* **Input for this task**:
* * * * * * *

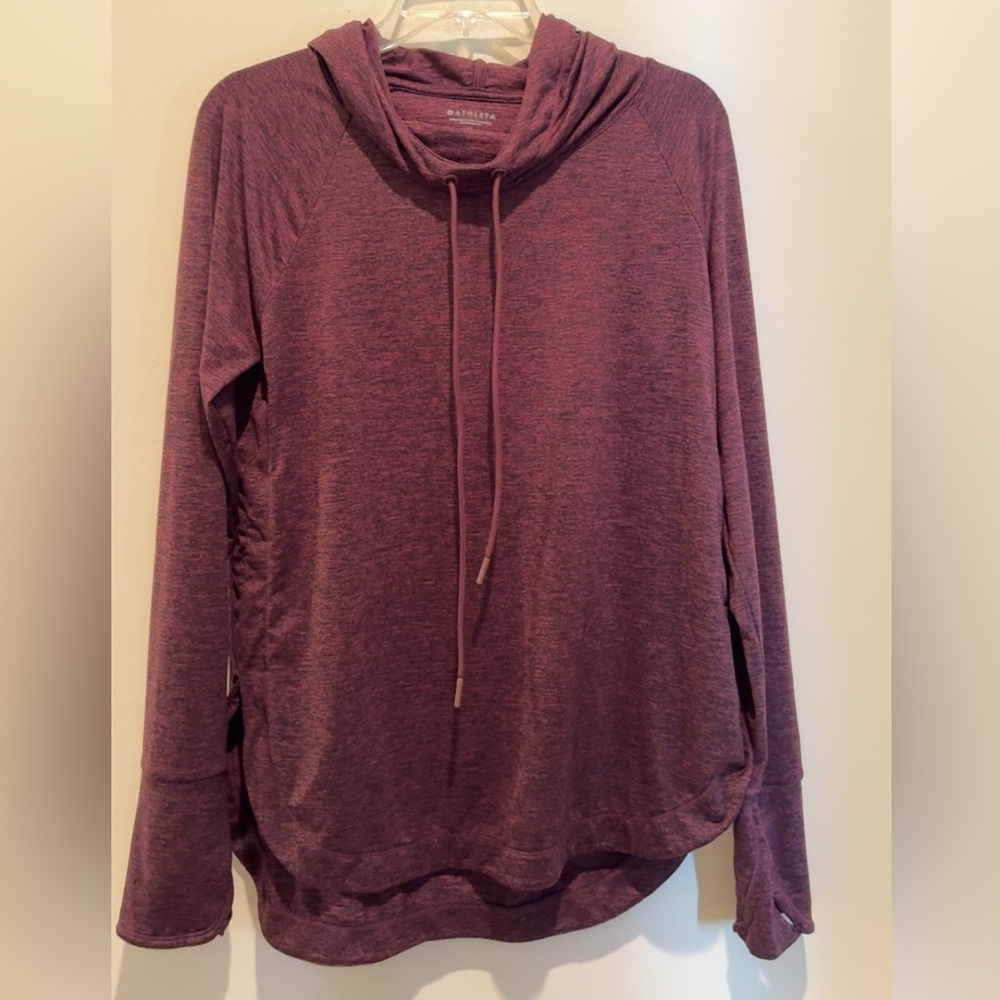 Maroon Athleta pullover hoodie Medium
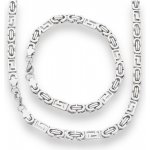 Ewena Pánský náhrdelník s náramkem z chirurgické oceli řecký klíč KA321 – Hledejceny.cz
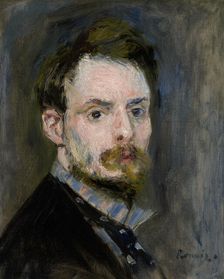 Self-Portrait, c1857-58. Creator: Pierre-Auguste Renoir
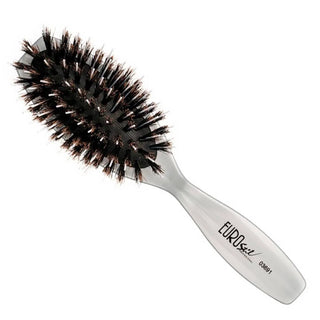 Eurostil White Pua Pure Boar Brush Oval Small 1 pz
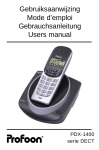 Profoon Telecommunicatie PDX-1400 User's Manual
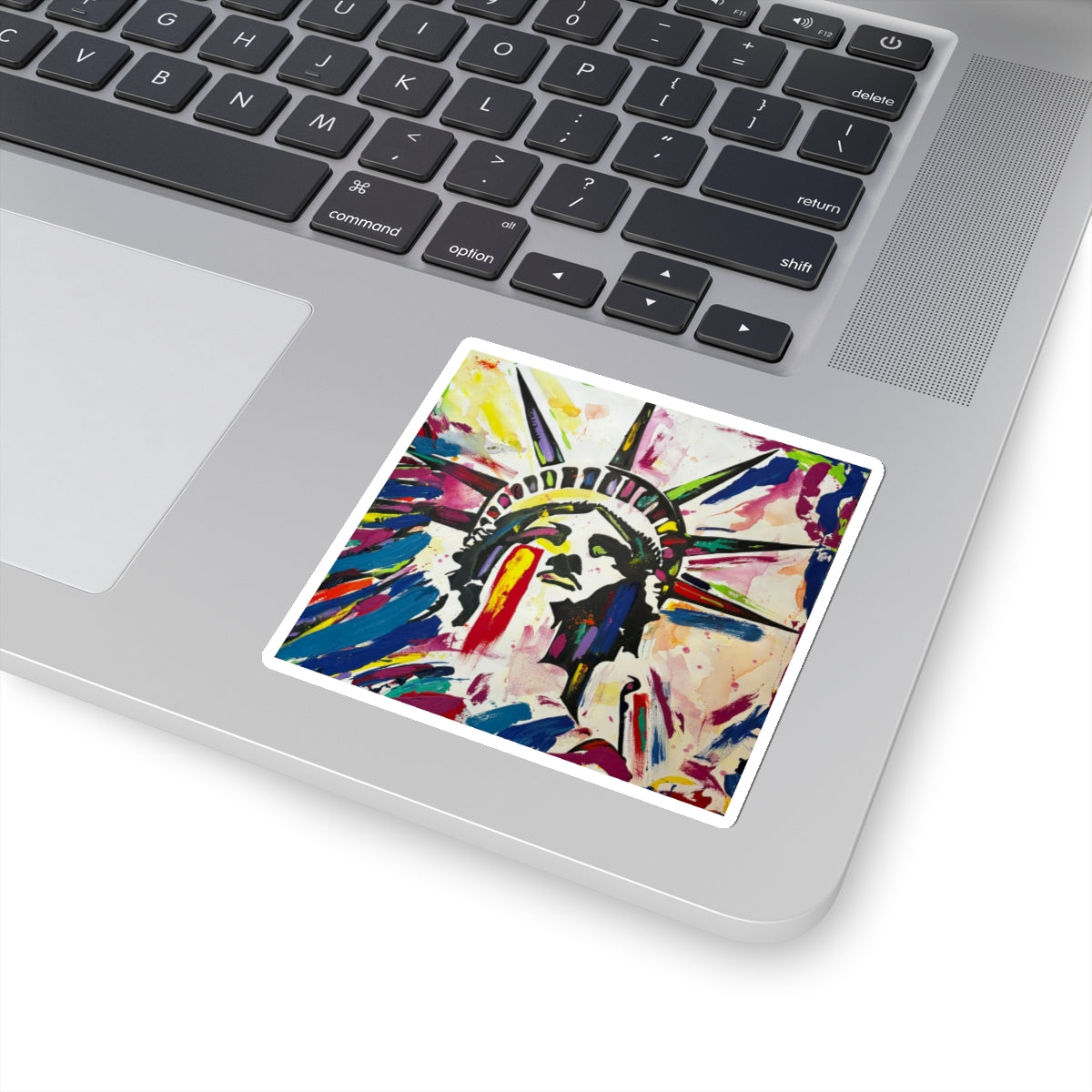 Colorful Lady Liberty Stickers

* * * * * * *

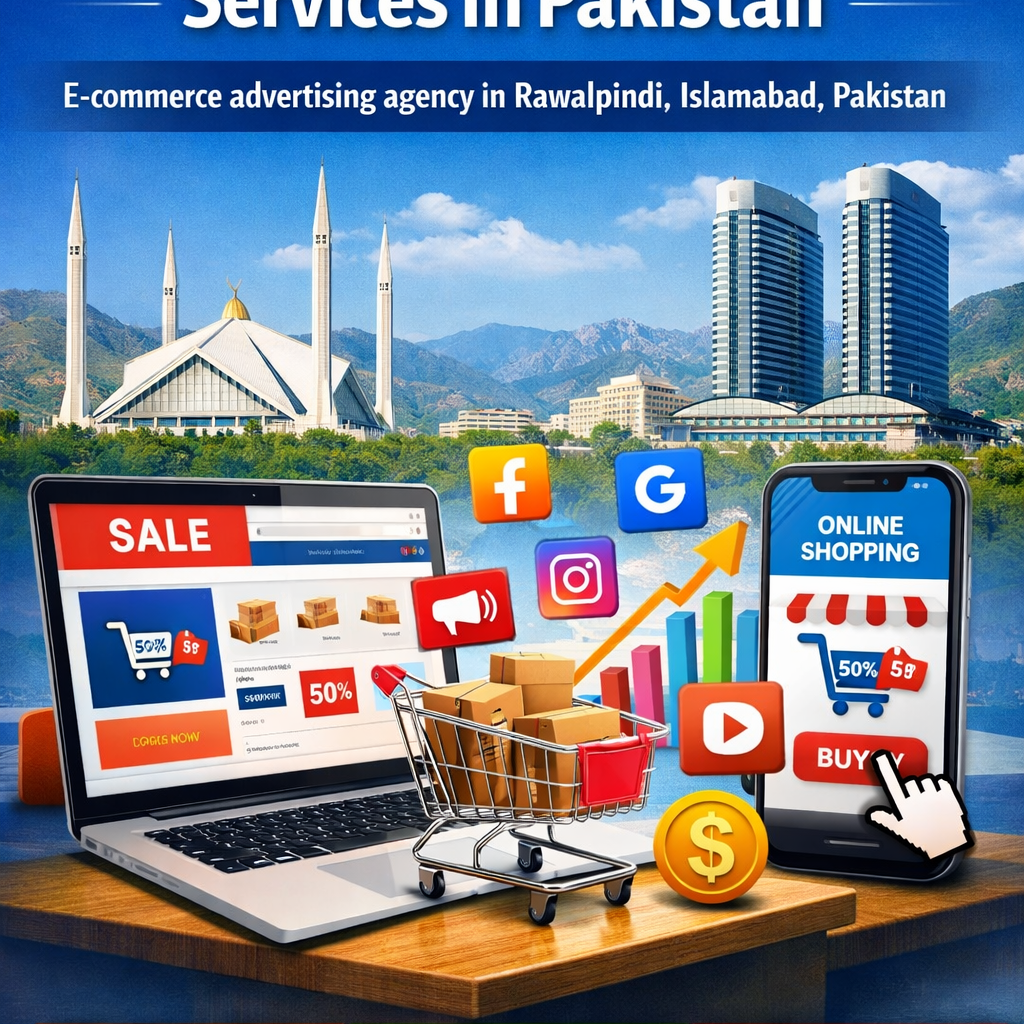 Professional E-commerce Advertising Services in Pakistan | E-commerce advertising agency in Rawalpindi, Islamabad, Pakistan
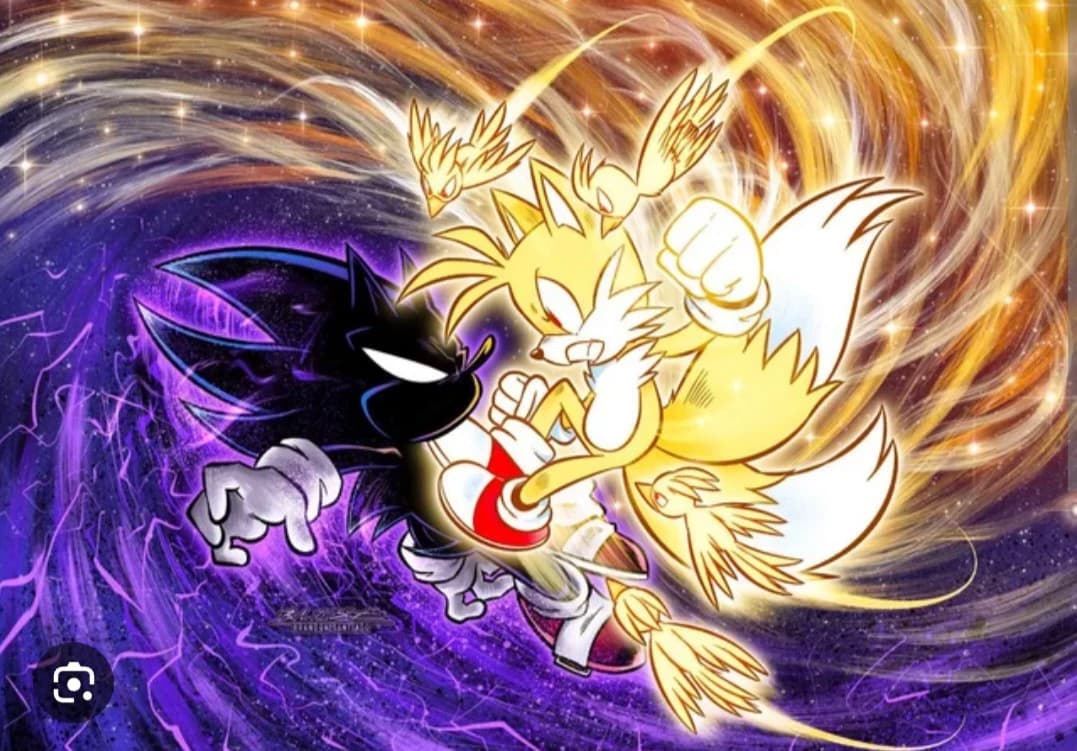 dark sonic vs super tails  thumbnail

* * * * * * *

* **To do**: Looking above, find the stretch of lines that opens with the one holding "Eurostil White Pua" and closes with the one holding "Colorful Lady Liberty Stickers". Copy it exactly, pictures excluded.

* **Response below**:
 Eurostil White Pua Pure Boar Brush Oval Small 1 pz
 Profoon Telecommunicatie PDX-1400 User's Manual
 Colorful Lady Liberty Stickers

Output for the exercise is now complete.